Costochondritis (kos-toe-KHON-dri-tis) is an inflammation of the cartilage that connects a rib to the breastbone (sternum) — a junction known as the costosternal joint. Pain caused by costochondritis may mimic that of a heart attack or other heart conditions.

Most cases of costochondritis have no apparent cause. In these cases, treatment focuses on easing your pain while you wait for costochondritis to improve on its own.

While my doctors wanted to give me pain medications, I resisted and waited for my condition to improve. The pain only spread to my upper back and upper arms. After 5 years it’s clear to me that I have chronic costochondritis that is very painful and is made worse by stress and a diet that causes inflammation. 

The only time that I haven’t been in physical pain in the past 5 years is when I am eating raw foods. Sure I have good days and bad days, but the pain is always there, a constant state of pressure. Only when I’ve been eating a raw foods diet has my pain level gone away completely. Even recently when I did go on prescription pain medication it still wasn’t the same kind of relief as eating raw. 

With the pain comes depression and stress, which causes me to eat poorly, which causes me to gain weight, which causes me to be more depressed, which causes me to eat more, which causes more pain, which causes stress….you can see how this cycle will continue. 

But for some reason stopped eating raw, because I was convinced that it was not sustainable long term (even though I had done a lot of research to tell me otherwise). People would tell me that what I was doing was unhealthy, or not natural, that I wasn’t getting enough protein, or calories. So to please everyone I started to move towards a more mainstream healthy vegetarian lifestyle, trying to eat more protein and including fish and dairy back into my diet. But nothing changed, and the past few months I’ve been in more pain than I can remember in a long time. Very similar to the kind of pain when I was first diagnosed. But I hide it better, I manage the pain by suppressing the feeling of pain. But this just led to a deeper depression that I couldn’t really find the cause of until now. 

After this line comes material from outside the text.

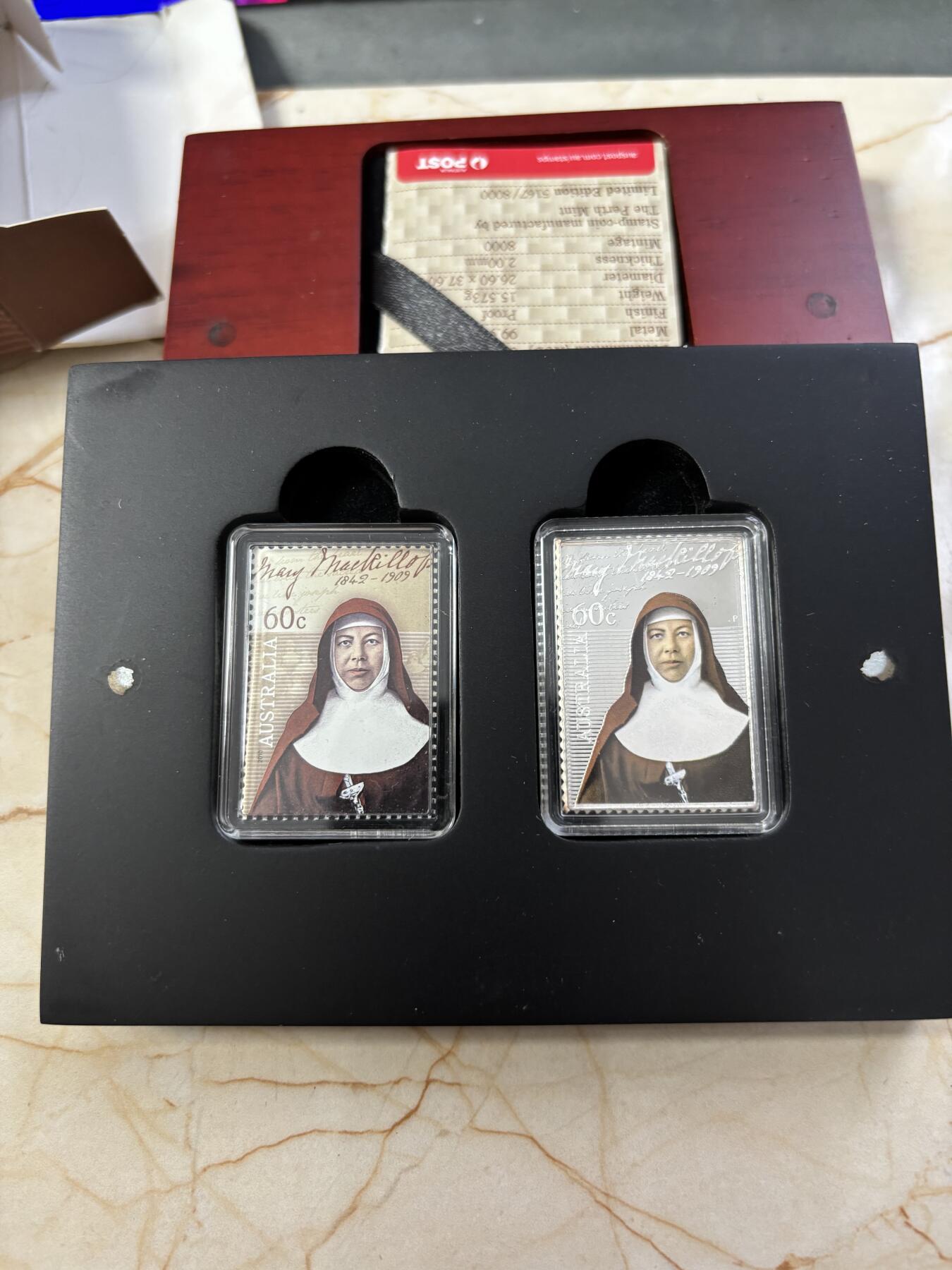 第185期拍卖 澳大利亚2010年邮票百年系列玛丽矩形彩色银币，1/2盎司，999银，发行8000枚，有氧化点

So to end this long story, I am going back to eating a raw foods diet, sure sometimes I will make exceptions, and I’m not perfect, but what I need most from all of you is your support, emotionally and spiritually. This isn’t easy for me and while I do enjoy eating this way, it can be especially hard in social situations and when you are with people you love and you just want to eat “normal” food. So I hope you all understand my reasons for doing this, and if you have any questions, feel free to ask. I am also going to be re-educating myself about this lifestyle, and making sure I have the knowledge to be sure that what I am doing is the best for my body. 

I might not eat this way forever, but for right now I need to do what I know works to get rid of the pain.